De andere twee partijen hielden de traditie van de reeks in ere dat ze zowat tot het laatst duurden. Patrick en Guy waren de eersten van die laatsten. Zoals gezegd kwam er een onvervalste Grünfeld op het bord, m.b. de ruilvariant. Dat leverde boeiend spel op, waarin zwart een vrijpionnenpaar wist te creëren op de damevleugel en wit tegenspel zocht tegen een enigszins ingesnoerde zwarte koningsstelling. Die laatste poging sloeg echter niet door en vervolgens bleek het zwarte overwicht op de damevleugel beslissend: 0-1.
De laatste strijders gingen helemaal richting tijdnood. Na zijn dubbele nederlaag in één week vorig jaar had Carlo een eitje te pellen met Jan, maar uiteraard ging die de eipellerij niet gewillig ondergaan.

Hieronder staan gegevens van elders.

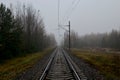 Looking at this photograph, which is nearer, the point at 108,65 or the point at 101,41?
the point at 108,65

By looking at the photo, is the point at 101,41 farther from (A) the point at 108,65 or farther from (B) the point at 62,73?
(B) the point at 62,73

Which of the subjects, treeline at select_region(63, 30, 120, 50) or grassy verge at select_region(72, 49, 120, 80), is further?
treeline at select_region(63, 30, 120, 50)

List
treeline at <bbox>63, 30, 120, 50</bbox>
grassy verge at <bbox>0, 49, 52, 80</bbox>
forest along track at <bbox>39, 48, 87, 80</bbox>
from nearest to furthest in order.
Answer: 1. forest along track at <bbox>39, 48, 87, 80</bbox>
2. grassy verge at <bbox>0, 49, 52, 80</bbox>
3. treeline at <bbox>63, 30, 120, 50</bbox>

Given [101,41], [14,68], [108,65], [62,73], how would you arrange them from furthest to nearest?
1. [101,41]
2. [108,65]
3. [14,68]
4. [62,73]

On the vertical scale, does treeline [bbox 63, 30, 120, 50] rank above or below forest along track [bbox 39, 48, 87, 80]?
above

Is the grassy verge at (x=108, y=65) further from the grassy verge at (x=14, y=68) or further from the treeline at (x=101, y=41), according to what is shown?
the treeline at (x=101, y=41)

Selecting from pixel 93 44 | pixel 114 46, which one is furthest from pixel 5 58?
pixel 93 44

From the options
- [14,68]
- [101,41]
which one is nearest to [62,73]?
[14,68]

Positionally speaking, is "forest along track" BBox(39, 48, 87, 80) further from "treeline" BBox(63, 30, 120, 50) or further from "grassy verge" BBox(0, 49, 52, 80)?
"treeline" BBox(63, 30, 120, 50)

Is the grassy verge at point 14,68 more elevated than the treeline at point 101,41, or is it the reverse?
the treeline at point 101,41

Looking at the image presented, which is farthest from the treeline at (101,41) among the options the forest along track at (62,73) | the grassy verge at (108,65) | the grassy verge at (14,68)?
the forest along track at (62,73)

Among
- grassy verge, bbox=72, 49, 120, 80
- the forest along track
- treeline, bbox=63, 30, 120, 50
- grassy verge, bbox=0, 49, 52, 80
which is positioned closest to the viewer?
the forest along track

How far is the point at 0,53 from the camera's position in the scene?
126 feet

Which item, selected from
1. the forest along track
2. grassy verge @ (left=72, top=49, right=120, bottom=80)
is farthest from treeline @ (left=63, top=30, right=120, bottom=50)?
the forest along track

Het Engels van wit werd symmetrisch beantwoord door zwart, tot Carlo d4 opspeelde, precies op het moment dat je het van hem verwacht – overigens ook het geëigende moment. Halverwege leek wit goede kansen te hebben om het laken naar zich toe te trekken, maar toen zich, in de al betere stelling, een kwaliteit aandiende, ging hij er niet op in, op zoek naar beters en beducht voor het desgevallend resulterende zwarte loperpaar en tegendreigingen alom. Uiteindelijk hield hij aan zijn aanvallende inspanningen een pluspion over, met dame en loper nog op het bord, niet het soort stelling dat je in de tijdnoodfase simpelweg converteert, mocht dat überhaupt kunnen. Remise was dan ook niet meer zo verrassend: ½ – ½.

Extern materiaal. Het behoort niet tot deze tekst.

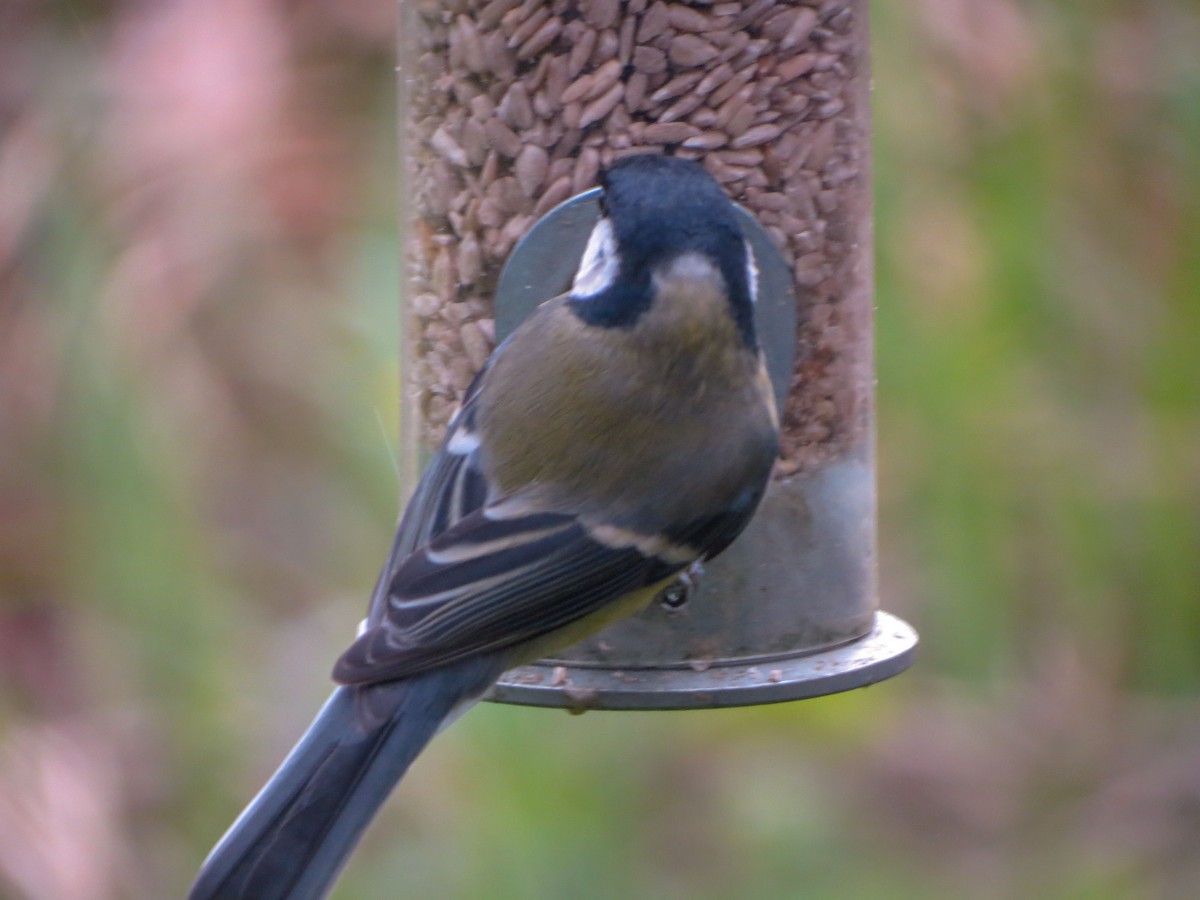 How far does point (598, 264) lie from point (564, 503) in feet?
1.19

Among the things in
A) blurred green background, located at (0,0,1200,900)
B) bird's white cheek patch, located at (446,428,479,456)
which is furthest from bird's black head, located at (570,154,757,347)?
blurred green background, located at (0,0,1200,900)

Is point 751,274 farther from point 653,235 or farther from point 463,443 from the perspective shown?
point 463,443

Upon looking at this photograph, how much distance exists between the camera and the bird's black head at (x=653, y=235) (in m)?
2.29

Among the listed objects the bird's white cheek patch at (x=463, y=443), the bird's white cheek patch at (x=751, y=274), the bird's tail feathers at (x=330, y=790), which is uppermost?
the bird's white cheek patch at (x=751, y=274)

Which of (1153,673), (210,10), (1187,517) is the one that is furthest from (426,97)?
(1153,673)

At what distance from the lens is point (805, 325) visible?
265cm

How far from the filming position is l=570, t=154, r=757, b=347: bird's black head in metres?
2.29

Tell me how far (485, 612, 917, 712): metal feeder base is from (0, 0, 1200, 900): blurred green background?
580mm

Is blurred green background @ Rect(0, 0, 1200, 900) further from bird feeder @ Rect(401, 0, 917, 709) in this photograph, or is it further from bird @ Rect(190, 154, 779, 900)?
bird @ Rect(190, 154, 779, 900)

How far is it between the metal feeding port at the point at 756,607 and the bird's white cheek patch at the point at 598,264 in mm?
60

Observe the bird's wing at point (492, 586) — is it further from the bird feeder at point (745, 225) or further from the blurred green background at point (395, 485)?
the blurred green background at point (395, 485)

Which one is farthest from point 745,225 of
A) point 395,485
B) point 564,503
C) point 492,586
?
point 395,485

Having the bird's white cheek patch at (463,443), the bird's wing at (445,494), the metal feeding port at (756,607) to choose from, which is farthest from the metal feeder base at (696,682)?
the bird's white cheek patch at (463,443)

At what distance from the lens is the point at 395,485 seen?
3.54 metres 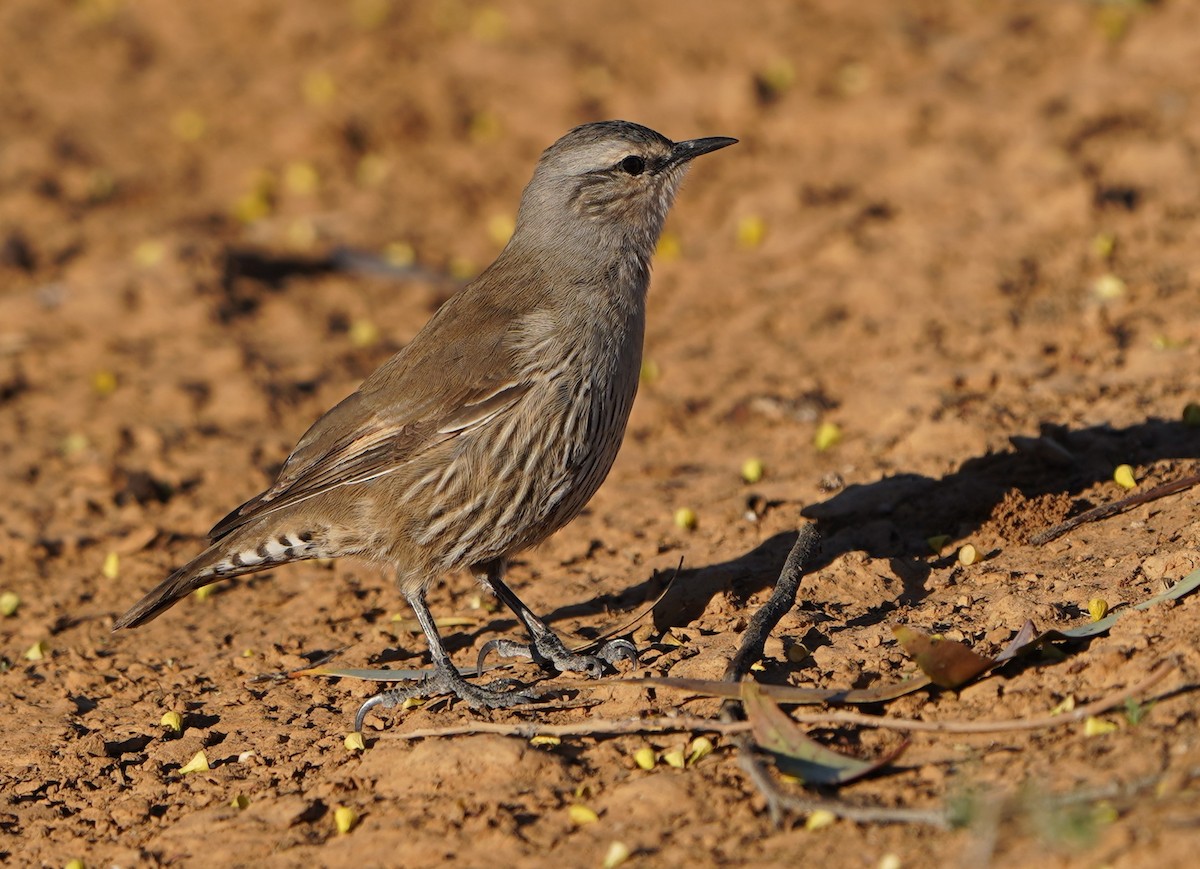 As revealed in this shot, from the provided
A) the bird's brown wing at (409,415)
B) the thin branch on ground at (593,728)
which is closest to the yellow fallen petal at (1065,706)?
the thin branch on ground at (593,728)

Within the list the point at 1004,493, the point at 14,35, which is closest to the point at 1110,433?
the point at 1004,493

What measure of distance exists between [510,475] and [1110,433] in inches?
121

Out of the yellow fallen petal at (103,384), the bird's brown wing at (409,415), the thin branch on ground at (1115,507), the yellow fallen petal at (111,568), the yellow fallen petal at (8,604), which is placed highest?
the yellow fallen petal at (103,384)

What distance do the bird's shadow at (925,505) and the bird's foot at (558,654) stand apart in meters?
0.38

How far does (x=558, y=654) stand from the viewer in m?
5.94

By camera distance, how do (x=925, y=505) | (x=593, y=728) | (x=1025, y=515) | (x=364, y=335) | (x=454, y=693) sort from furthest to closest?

Halfweg, tijd voor een balans en wat herfsttooi. Grosso modo is de heenronde afgewerkt. Er zijn nog wel enkele partijen te spelen – 4 deelnemers hebben nog een 8ste partij voor de boeg – maar voor een balans nu al maakt dat niet zoveel uit. Toch zit het wat ingewikkelder, omdat er al één partij uit de terugronde is gespeeld, nl. Patrick–Jan, die eigenlijk niet mag meetellen, en beiden nog een heenrondepartij moeten spelen die wel verrekend moet worden. Er is echter maar één geval dat er toe doet, dus kunnen we de overige inhaaltoestanden buiten beschouwing laten.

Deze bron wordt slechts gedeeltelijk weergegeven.